Wednesday, April 1, 2009
Hollis Street Theater - Boston
This ad in Byrne’s Dramatic Times is a bit cryptic about this unnamed new theater to be constructed in Boston, but evidently somebody was so confident that Harry E. Dixey in “Adonis” was going to be such a good show that people needed to mark their calendars even before the theater was completed.
“Adonis” was an operetta, one of Broadway’s most successful at the time, running 600 performances. Mr. Dixey, in the title role, was fittingly handsome and brought the popular play and his popular self on tour.
This ad likely referred to the old Hollis Street Theatre, which opened in November 1885. The ad mentions Isaac Rich was the manager, and he did own the Hollis Street Theater, which was managed by Charles J. Rich. The theater replaced an old Congregational church that had been built in 1811, and designed by Charles Bulfinch. That church had been the renowned American architect’s first building.

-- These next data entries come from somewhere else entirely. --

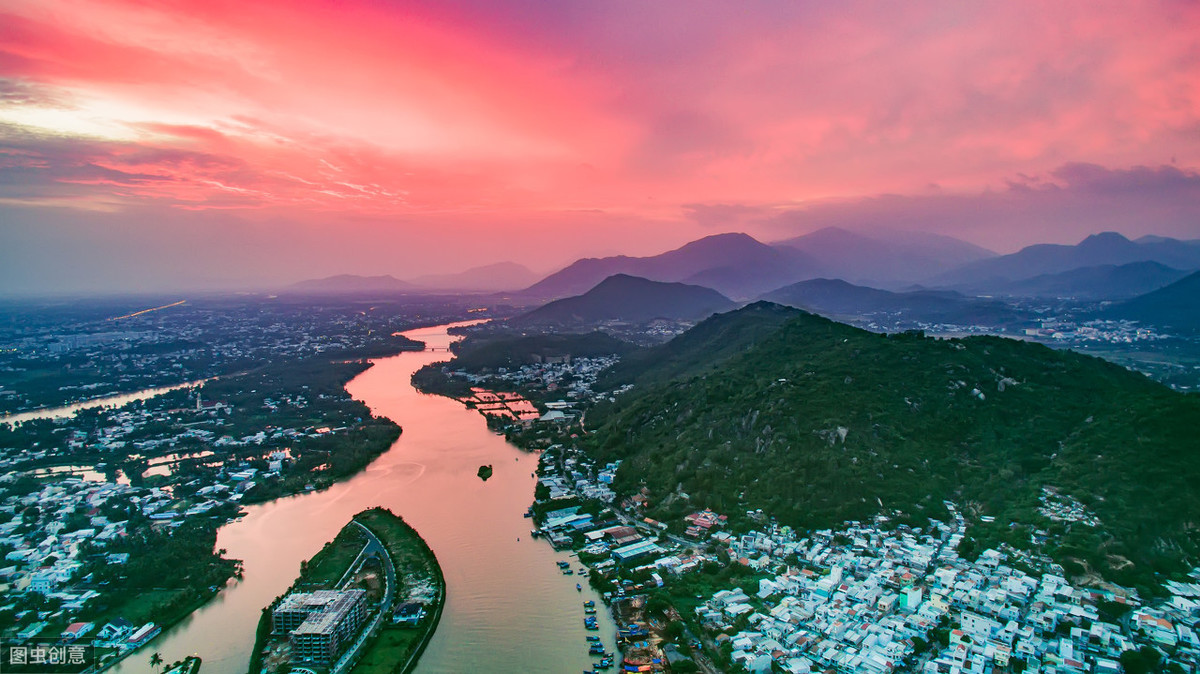 24拍的歌曲有哪些?:24拍 24拍的歌曲有哪些?:24拍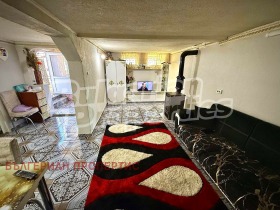 ������� ���� | Imot.bg � ����� ������ 9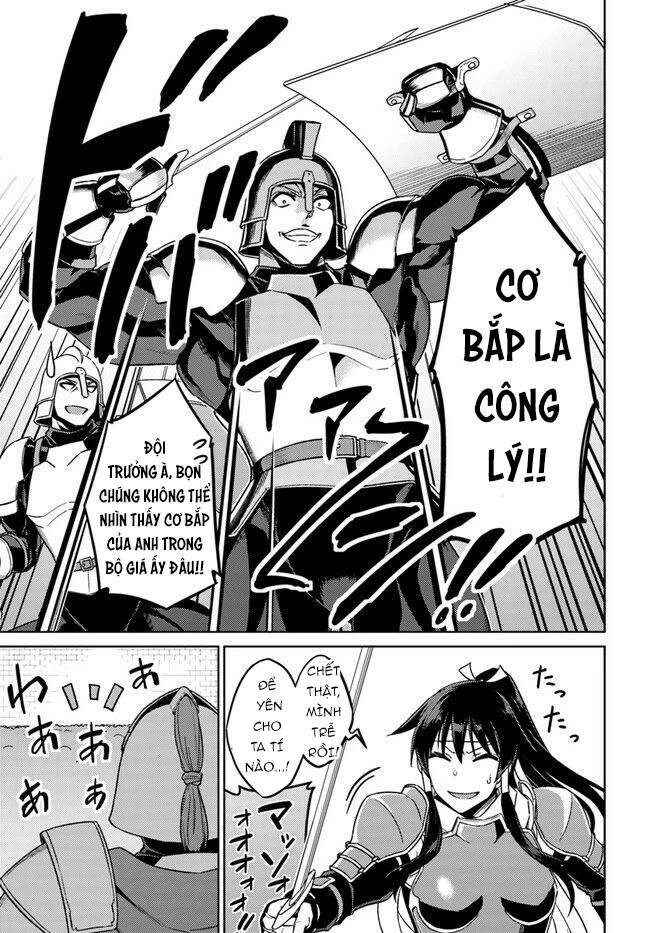 page_17.jpg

Today, the theater which replaced the church is also gone, replaced in turn by a parking garage. Each age has its own needs and its own priorities.
Some of the players who appeared here were actor and playwright Dion Boucicault, Augustin Daly, E. H. Sothern, the great Sarah Bernhardt, Ada Rehan, John Drew of the Barrymore-Drew theater family dynasty, Edwin Forrest, William Warren, Henry Irving, and Eva Le Gallienne. William Gillette, Sherlock Holmes to a generation, appeared in Sherlock Holmes in 1901. Maude Adams played Peter Pan, her signature role, here in 1906. Ellen Terry appeared with her company on April 15, 1907, in George Bernard Shaw’s play Captain Brassbound’s Conversion.
The final show, on June 8, 1935, featured the Abbey Theatre Players from Dublin. The theater was demolished August 21, 1935. It was the middle of the Great Depression, and 19th Century theatre took its last breath. "Theatre ghosts" are said to haunt old playhouses, but perhaps not parking garages.